If you think the current APIs will stay that way, then you're right. But when th...

localhost · on Feb 15, 2024

The tokens need to be fed into the model along with the prompt and this takes time. Naive attention is O(N^2). They probably use at least flash attention, and likely something more exotic to their hardware.

You'll notice in their video [1] that they never show the prompts running interactively. This is for a roughly 800K context. They claim that "the model took around 60s to respond to each of these prompts".

This is not really usable as an interactive experience.

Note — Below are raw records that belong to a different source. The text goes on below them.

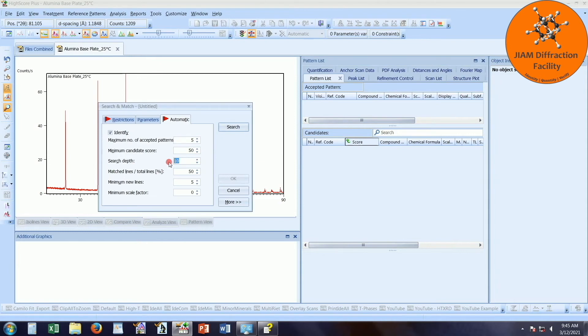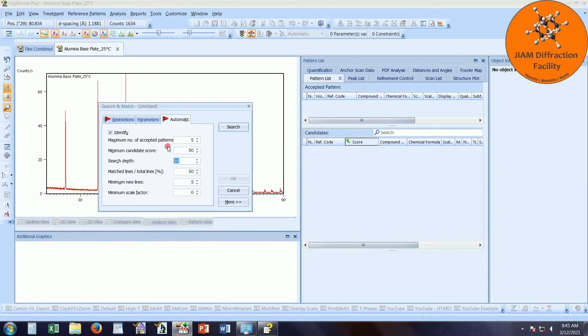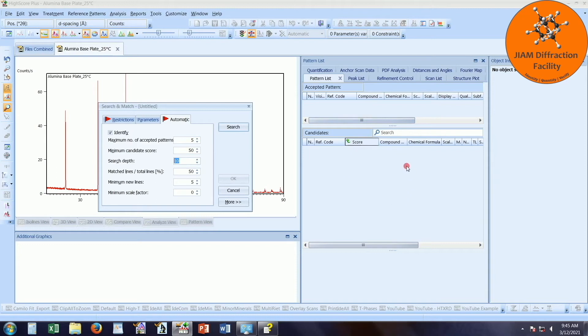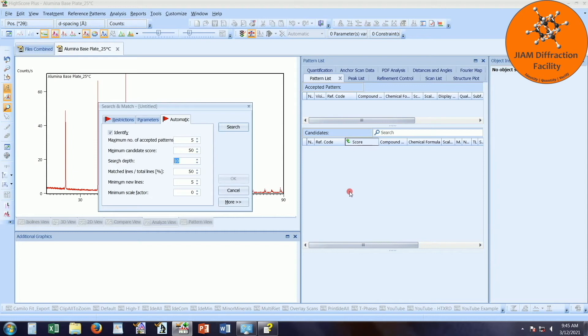Search depth, I have 10. So what that means is that once we get our candidate list, HighScore Plus will search the top 10 candidates to see if any match these parameters. If so, it will take the highest scoring candidate and move it into the accepted pattern list. At that point, it will reorganize your candidate list based off of what peaks remain unidentified. And it will do the same thing again. It will search the top 10 candidates to see if any of them match our automatic identification parameters.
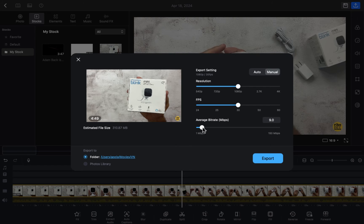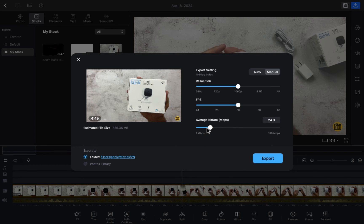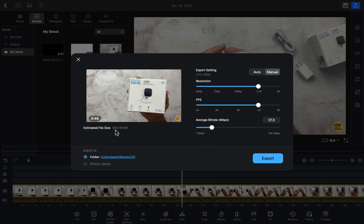There is also an option for average bitrate in Mbps. If you want to increase this, you can do that. As you can see, after increasing it, the estimated video size is 1.85 GB. If you decrease it, the video size will be smaller. From the average bitrate section you can see the estimated size of your video.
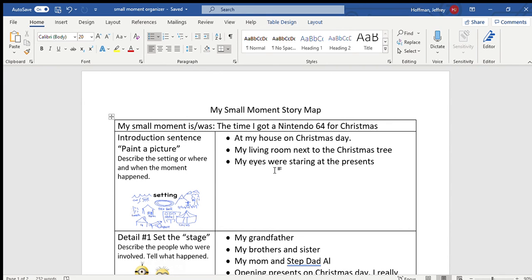So thank you writers. This organizer is going to be in your writer's notebook. I'll have the link in the next slide. I'd like you to start working on that today with my help and assistance.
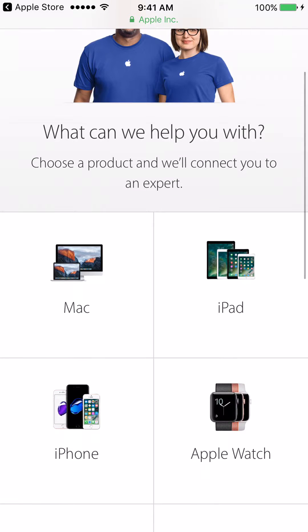After that, we're going to choose the product that we need help with. So as an example, I have decided to choose the Mac.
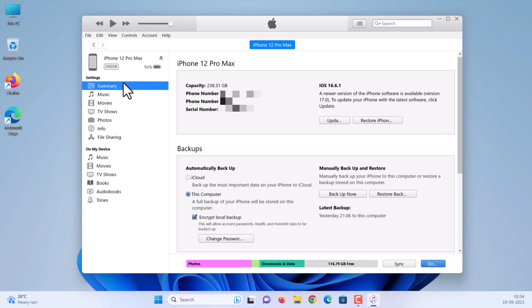Click summary. Here you can see a newer version of the iOS is available. To update to latest software, click update.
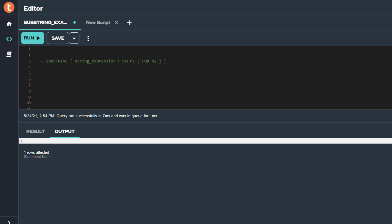My first line of code is commented out to show the syntax used for the substring function. The first argument in the function is the string expression itself, followed by the starting position using the FROM clause. The last argument is used to return the number of characters, or length of the string, and this is performed using the FOR clause.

I don't want to wait 1 minute for an answer each time I have a question.

[1] https://www.youtube.com/watch?v=SSnsmqIj1MI

rfoo · on Feb 17, 2024

GP's point is you can cache the state after the model processed the super long context but before it ingests your prompt.

If you are going to ask "then why don't OpenAI do it now", the answer is it takes a lot of storage (and IO) so it may not be worth it for shorter context, it adds significant complexity to the entire serving stack, and is incoherent with how OpenAI originally imagined where the "custom-ish" LLM serving game is going to - they bet on finetuning and dedicated instances, instead of long context.

The tradeoff can be reflected in the API and pricing, LLM APIs don't have to be like OpenAI's. What if you have an endpoint to generate a "cache" of your context (or really, a prefix of your prompt), billed as usual per token, then you can use your prompt prefix for a fixed price no matter how long it is?

localhost · on Feb 17, 2024

Do you have examples of where this has been done? Based on my understanding you can do things like cache the embeddings to avoid the tokenization/embedding cost, but you will still need to do a forward pass through the model with the new user prompt and the cached context. That is where the naive O(N^2) complexity comes from and that is the cost that cannot be avoided (because the whole point is to present the next user prompt to the model along with the cached context).